Employment in leisure and hospitality increased by 2.1 million in June, the Labor Department said Thursday, accounting for about 40% of the overall gain in payrolls last month. Restaurants and bars were the driver, gaining about 1.5 million jobs for the second straight month. Despite the increases, total employment in food services and bars is down by 3.1 million since February.
Retailers added 740,000 jobs last month after hiring a net 372,000 in May. That shows reopening of main streets and malls is offsetting job cuts announced by some national chains. Still, the combined increase the past two months is less than half the 2.4 million jobs the sector lost in March and April.
The overall employment gain of 4.8 million in June, the most in records back to 1939, was reflected in sizable increases in most major industry categories, including health care, manufacturing and personal services, such as barber shops and nail salons
"Normally we should be celebrating a gain of 4.8 million jobs, but there are dark clouds ahead of us dashing hope of a V-shaped recovery," said Sung Won Sohn, an economist at Loyola Marymount University.
The surveys for the June report capture the labor market in the middle of the month. More recent data shows restaurant seating in several large cities declined at the end of June and credit-card spending eased, he said. Mr. Sohn said that suggested consumers, the driving force behind the U.S. economy, started to grow cautious as cases increased.
Total employment in June was down 14.7 million, or 9.6%, from February's pre-pandemic level.
Employers will add jobs in July, but at a slower pace, said Roiana Reid, an economist at Berenberg Capital Markets.
The June report reflects the first half of the month "when state reopenings were progressing quite smoothly across the country," while missing recent closures, she wrote in a note to clients. "We expect a smaller but still strong increase in nonfarm payrolls in July as other states that have flattened the curve continue to progress to new phases of their reopenings"
Unemployment fell across racial and gender groups in June, though the decline was uneven. The jobless rate for white workers fell 2.3 percentage points to 10.1% in June. The unemployment rate for Black workers decreased 1.4 percentage points to 15.4%. The rate for Hispanic workers fell below that of Black workers, declining 3.1 percentage points to 14.5%
The jobless rate for men declined to 10.6% from 12.2% in May. The rate for women was 11.7% in June versus 14.5% the prior month. The still elevated rate for women is consistent with women holding more jobs in the hard-hit restaurant and retail sectors.
The Labor Department said the overall unemployment rate of 11.1% is still an undercount because some workers were misclassified as employed, but absent from work, when they should have been counted as unemployed, on temporary layoff.
Had the error, which has occurred since March, not happened, June's unemployment rate would have been about 1 percentage point higher than reported.
"The degree of misclassification declined considerably in June," Bureau of Labor Statistics Commissioner William Beach said. He added the government is continuing to investigate the error and take steps to address the issue.

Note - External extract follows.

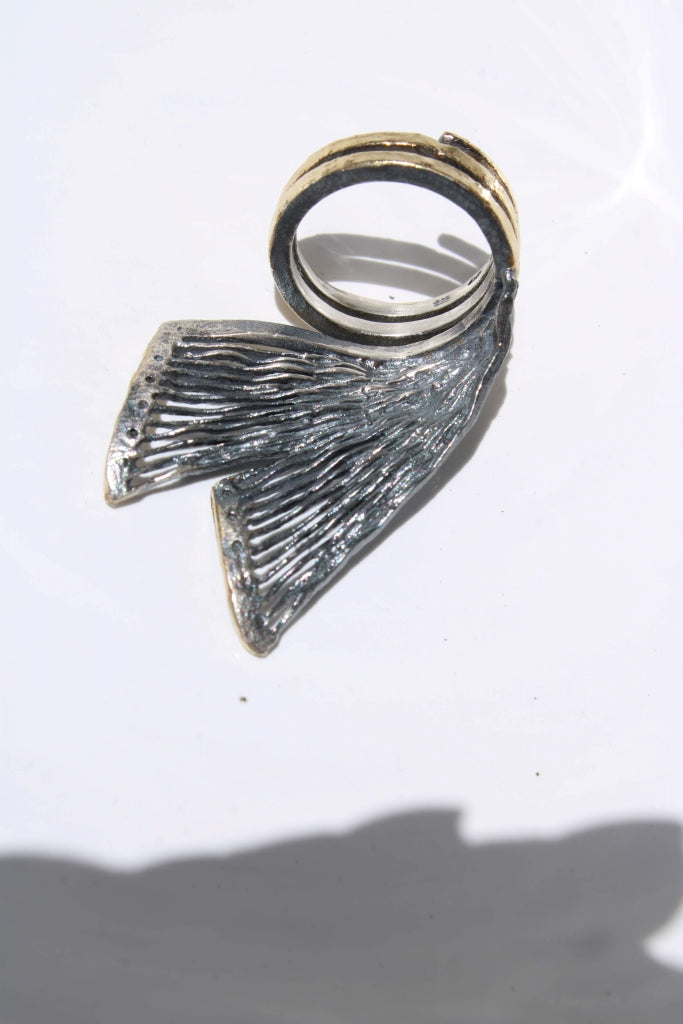 Double Wing Ring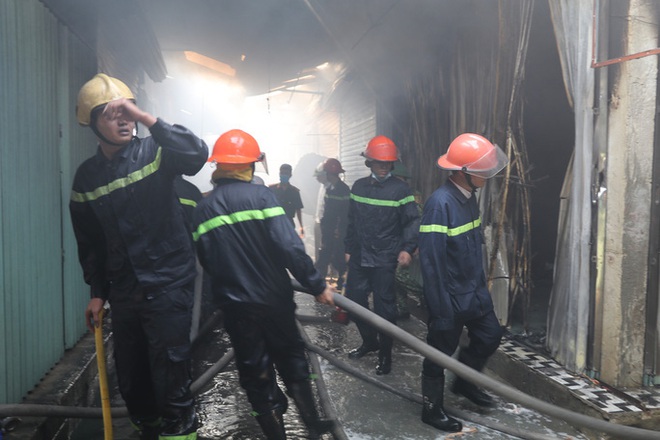 Hơn 30 ki-ốt chợ cháy ngùn ngụt, thiệt hại hàng tỉ đồng - Ảnh 7.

Thursday's report showed the share of unemployed workers on temporary layoff, meaning they expect to return to the same job within six months, remained historically high at 60% in June, but was down from an April peak of 78%.
That reflects that some layoffs that appeared temporary early in the spring have become permanent separations. However, it also shows that the number of Americans entering or re-entering the labor market is rising again.